En el camino a casa, aún tomadas de la mano, ella le dijo, reflexiva:
–Pues será lo que sea, pero ese grillito ya no podía brincar ni saltar de una planta a otra sin sus piernitas. Tal vez es lo mejor que le pudo pasar, ¿no crees? Quedó envueltito y arrullado–
Sin esperar la respuesta de su hermana, continuó su breve monólogo interno: –Cuando sea vieja e inútil, cuando ya no pueda brincar como el grillito, prométeme que me vas a envolver en un capullito para quedarme así, quietecita…
…
Sollozó una vez más e imaginó de nuevo la mano arrugada de su hermana en la suya. Bajó del taxi que justo entraba a su barrio y buscó el cesto de basura más cercano.
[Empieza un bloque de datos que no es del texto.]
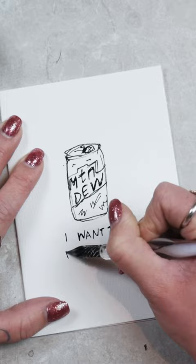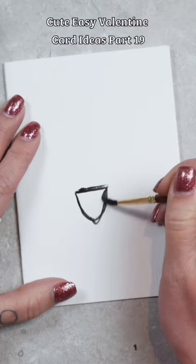First off, a Mountain Dew can with the caption, I want to Mountain Dew you. Second up, we're going to draw a shovel in a pile of dirt with the caption, I dig you.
De la bolsa de su vestido sacó una pequeña jeringa usada y sin mirarla siquiera, la lanzó dentro.
–Fue un acto piadoso. –Dijo en voz baja, y luego subió levemente el tono: –¡Fue un acto piadoso, hermana! Tenía que cumplir mi promesa pero también cobrarme la afrenta: ¡El terreno del río era mío, era mío, y tú me lo robaste! Y sin decir más, se fue caminando a casa con sus dos lágrimas secas.
Más…
Intento hacer un ejercicio de balance entre descripción y acción porque el cuento, desde mi punto de vista, es justamente esta búsqueda: acciones concretas y personajes contundentes. Los mejores que he leído consiguen atraparte en un escenario determinado, pero con situaciones bien puntuales.
Espero estar puliendo esto en el futuro…
La Foto
Me encontré esta pierna de grillo hace unos días en el exterior de la casa. Ya no sé si ella me inspiró a pensar su historia o si me dio elementos para parte de este cuento, pero es un hecho que me “habló” para decirme algo.
abril 24, 2023 @ 12:48 am
¡Qué buen relato!…te hace reflexionar sobre la existencia de sentimientos que son aún más fuertes que el propio amor que “debe” existir entre herman@s.
abril 24, 2023 @ 1:20 am
Yo creo que sí hay amor, pero TAMBIÉN hay otros sentimientos, y estos se meten en una especie de licuadora emocional, de la que salen nuestras historias de vida. Gracias por el comentario, Julius!
abril 23, 2023 @ 3:02 pm
La piernita en la foto es de saltamontes, en fin como sea, es muy parecido…
Me atrapo la historia, la forma, la trama, el tema tan de todos
abril 23, 2023 @ 3:52 pm
Tienes toda la razón! El encargado de la postproducción fue el culpable, :-p jaja. Gracias por tu comentario, Noé. Sí, historias de todos en nuestro desorden y emociones. Abrazo!